Pictures must not appear in the copy. Restate exactly the lines below from the one with "Poststück - Phil." through the one with "A-Premium Front HVAC", inclusive.

--- RECORDS Enclosed Below ---

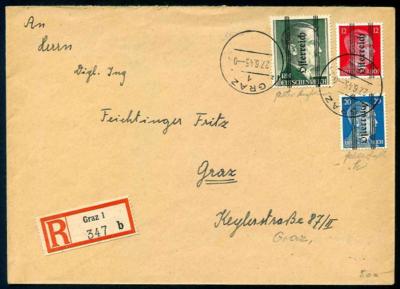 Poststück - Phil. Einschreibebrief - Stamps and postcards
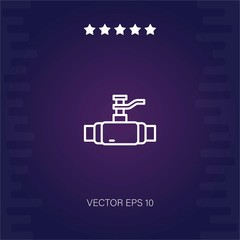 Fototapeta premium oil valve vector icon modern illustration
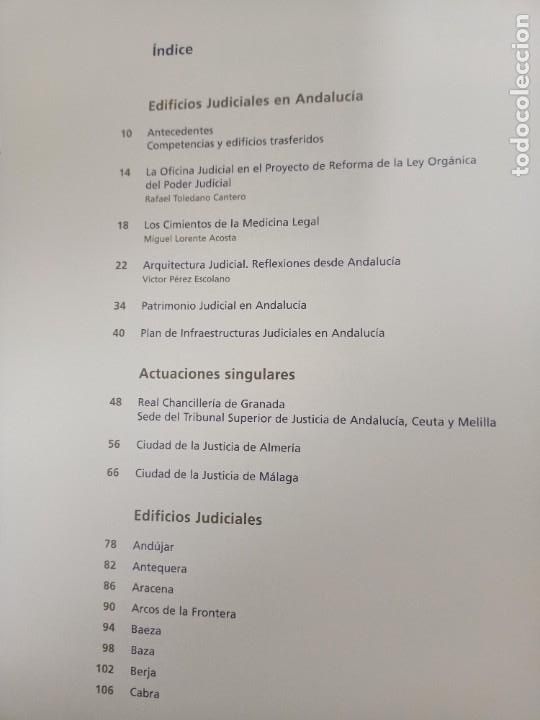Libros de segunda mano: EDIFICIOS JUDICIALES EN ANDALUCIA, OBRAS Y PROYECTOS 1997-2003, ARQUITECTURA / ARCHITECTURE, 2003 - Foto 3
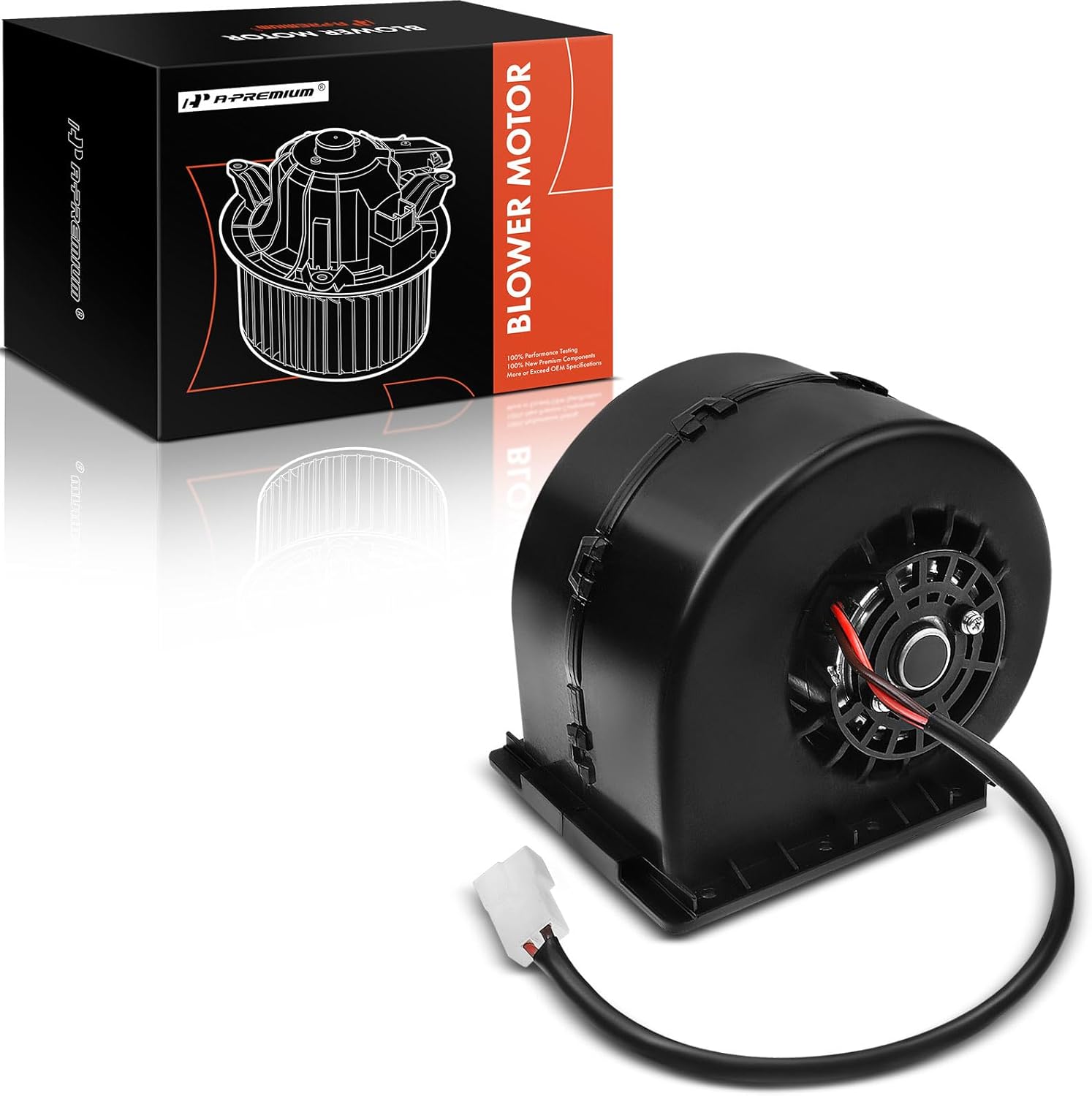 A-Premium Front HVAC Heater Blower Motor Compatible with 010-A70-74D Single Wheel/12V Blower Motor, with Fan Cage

--- End of Enclosed RECORDS ---
--- RECORDS Enclosed Below ---

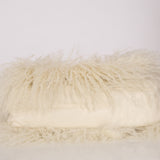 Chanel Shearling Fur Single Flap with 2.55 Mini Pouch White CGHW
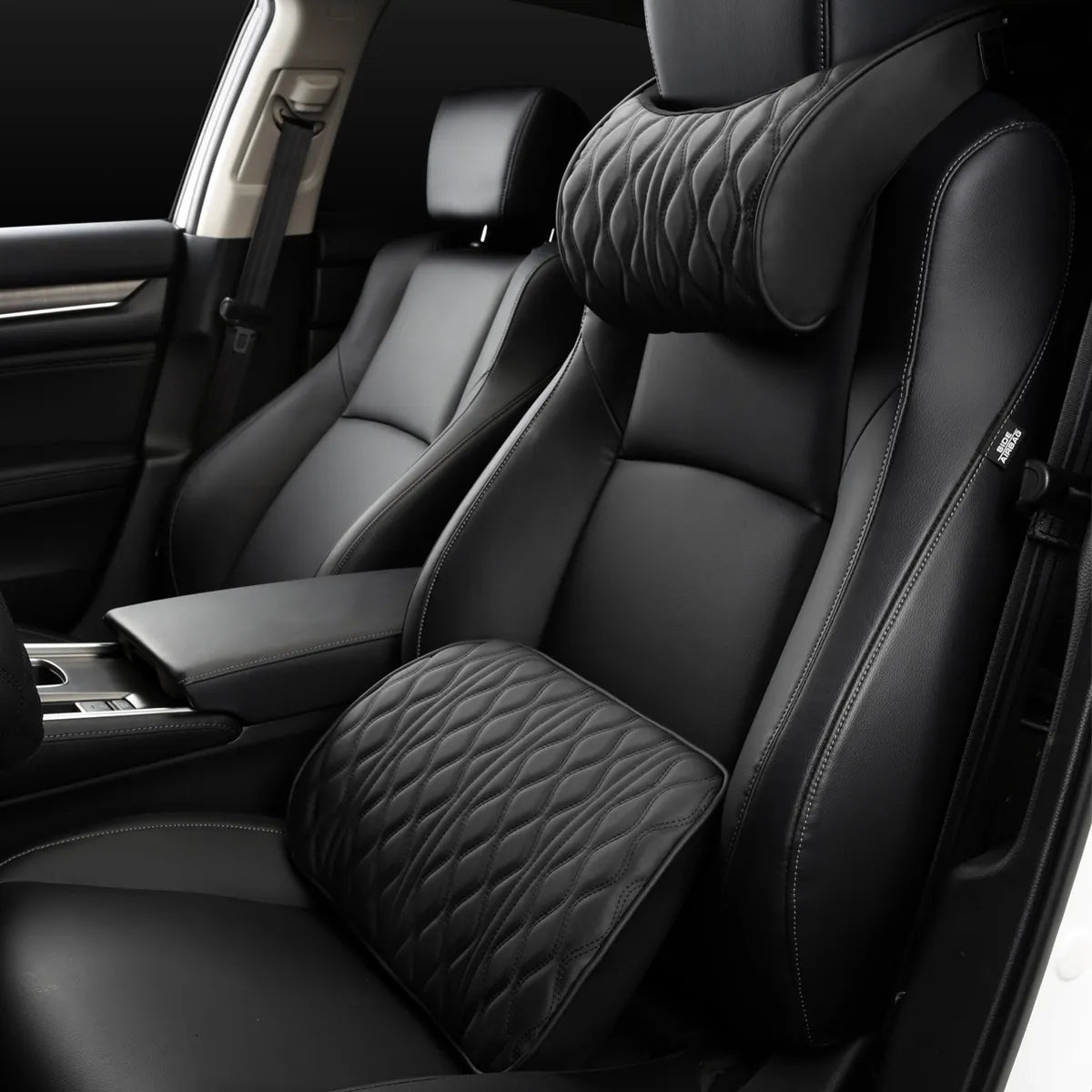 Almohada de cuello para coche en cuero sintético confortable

--- End of Enclosed RECORDS ---

→ RESULT OF THIS TASK
 Poststück - Phil. Einschreibebrief - Stamps and postcards
 Fototapeta premium oil valve vector icon modern illustration
Libros de segunda mano: EDIFICIOS JUDICIALES EN ANDALUCIA, OBRAS Y PROYECTOS 1997-2003, ARQUITECTURA / ARCHITECTURE, 2003 - Foto 3
 A-Premium Front HVAC Heater Blower Motor Compatible with 010-A70-74D Single Wheel/12V Blower Motor, with Fan Cage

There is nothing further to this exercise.